A first encounter after years of stalled dialogue can only hope to do three things. If the aim is to reset ties, and not just drive PM Modi’s stock up on the global stage, then the two can at least go beyond sizing each other up. They can use the meeting to kick-start a long, often challenging journey of planned engagement to make South Asia a prohibitive, more lonelier place on the planet for terrorists, poverty and energy insecurity. They don’t need to make a calendar or a roadmap. That's not what prime ministers do. But they can certainly direct their foreign and home ministries to plot a course for the ‘new normal’. They can flesh this out in September at the UN sidelines, or earlier.
Two, they can buck a trend, and some criticism, to set a higher value on legacy politics than on just business. Don’t get me wrong. Business, trade, economic integration are the future, and must drive the motor for game-change. Yet all of us who have been powerful advocates of economic change as the lead engine in bilateral ties have to step back and remind ourselves that while rightist governments dominate in both countries, at this point in time, history will not bend without a hand at its helm.
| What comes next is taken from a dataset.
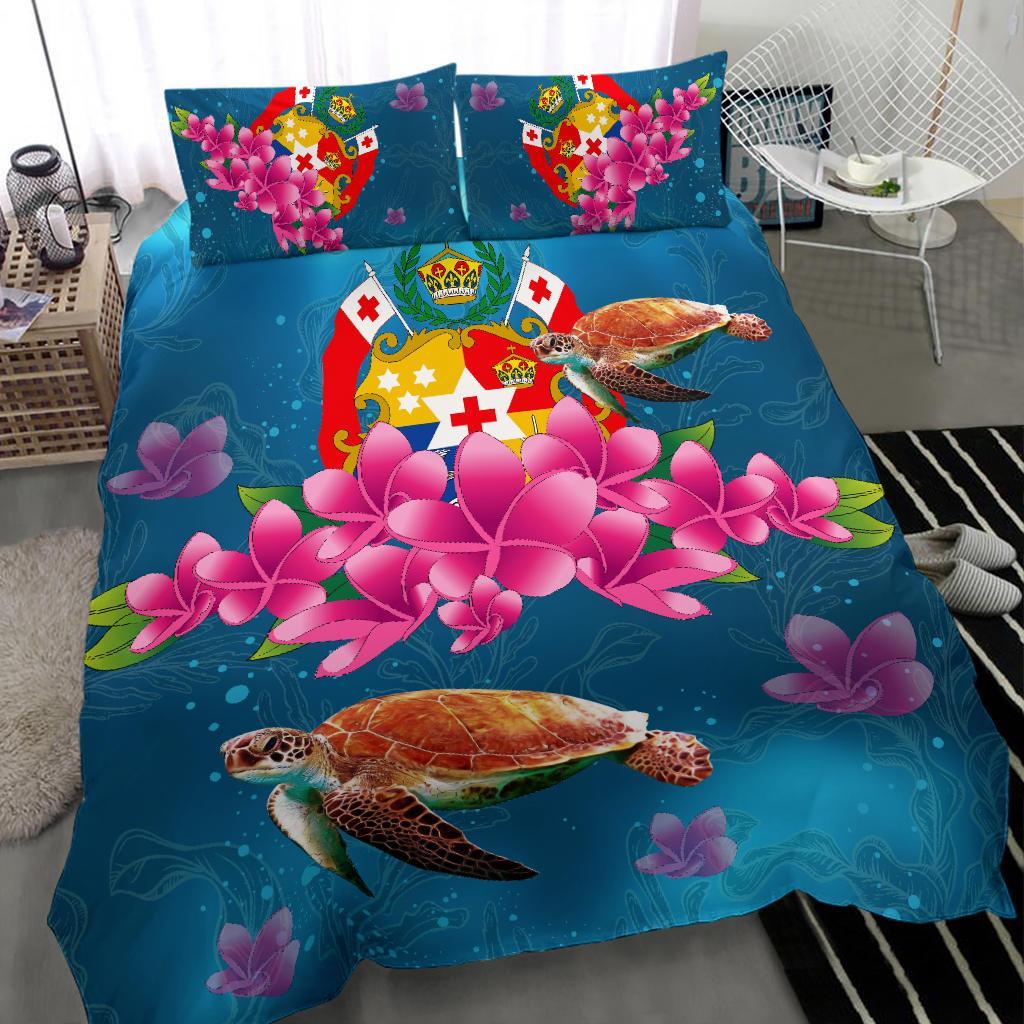 Tonga Plumeria Kanaka Turtle Sea Bedding Set - Ah - Vibe Hoodie Shop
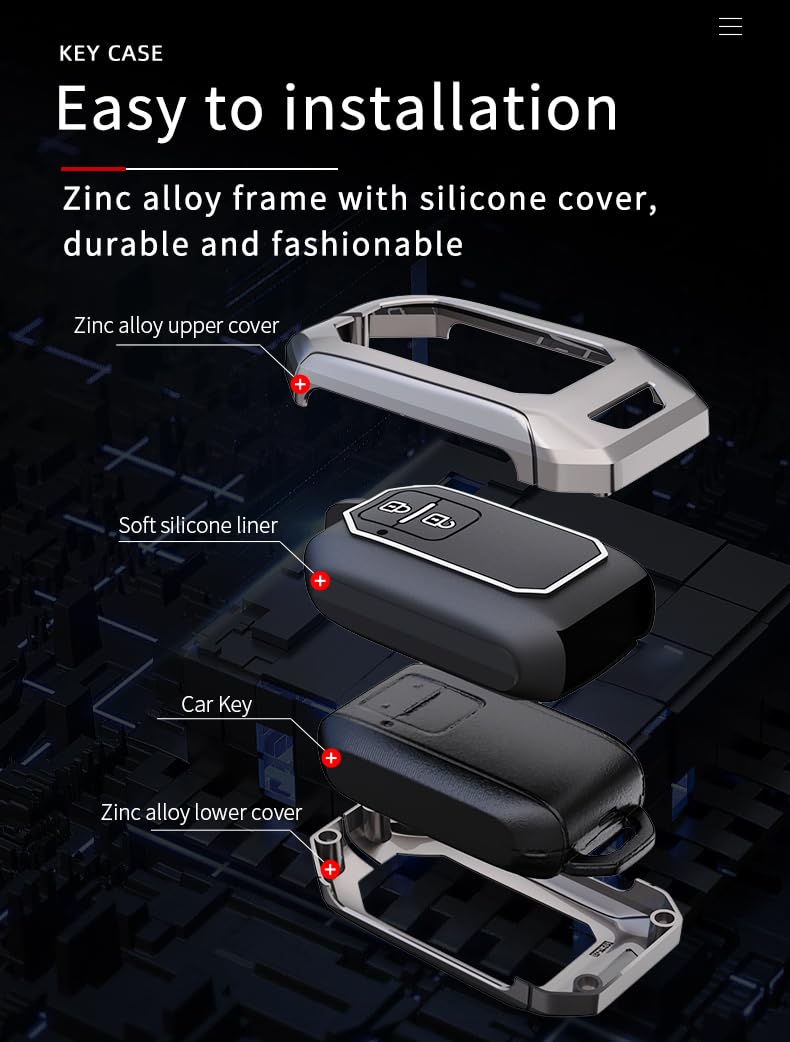Contacts Metal Silicon Key Cover Compatible with Suzuki Swift | Baleno| XL6 | DZire | Fronx | Scross | Ciaz | Brezza | Grand Vitara | Invicto 2 Button Smart Key Special Feature Visibility in low-light - Image 4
The politics of extremism are at an unprecedented high in both countries, albeit in very different form and intensity. Pakistan faces a rash of terrorist violence and intolerance bordering on bigotry, especially with minorities. Afghanistan is facing multiple vulnerabilities, including a security and economic vacuum. Such transition likely, if not surely, begets chaos. And while comparisons with Indian formal protections against religious intolerance may be odious and even misplaced, to the outside world, the BJP is still the benign face of a communalist machine that messaged anti-Pakistan sentiment in its election campaign. This is in stark contrast to Pakistan’s election, where none of the mainstream political parties even bothered to mention, let alone demonise India.
So what must the business-backed PMs do? Still plug hard for economic ties, but make the executive leap to broader course correction and resumption of full spectrum composite dialogue, including Kashmir. Before that can realistically be uninterruptible, PM Sharif has the Mumbai-trial baggage to sort, while PM Modi has to moderate some of his colleagues’ hawkish talk.
Lastly, Messrs Modi and Sharif really should take ten minutes out to game out what happens in event of a crisis.
Let’s not even pretend that the region is inured from that, or that through 2015 the Line of Control cannot flare up dangerously. Both must know that any real test of diplomacy will be during a flashpoint moment. Heads of nuclear states usually get this. Yet we still leave two hot borders and crisis management systems on autopilot. Both have been in politics long enough to know that usually between India and Pakistan, broad policy intentions spelt out at press stakeouts fall into the black hole of strategic drift. So before the next crisis erupts, they must commit to a time-lined plan to prevent events taking on a life of their own.
This is indeed an order as tall as the Minar-e-Pakistan which another vintage of BJP PM had the foresight and vision to visit. It is time another, more empowered BJP PM looked to history.
For Pakistan’s Sharif, his parliamentary numbers also mandates him to lead history at home. It’s true, the military’s worries can’t be wished away. They need to be dealt with, not ignored. Moving away from Siachen and Kargil mindsets in both countries won’t be easy. But big crowns come stuffed with thorns, as we all know. Even the smallest ambition for peace between India and Pakistan needs statesmanship and roadblock-mitigation. Hope is not a plan, no matter how audacious.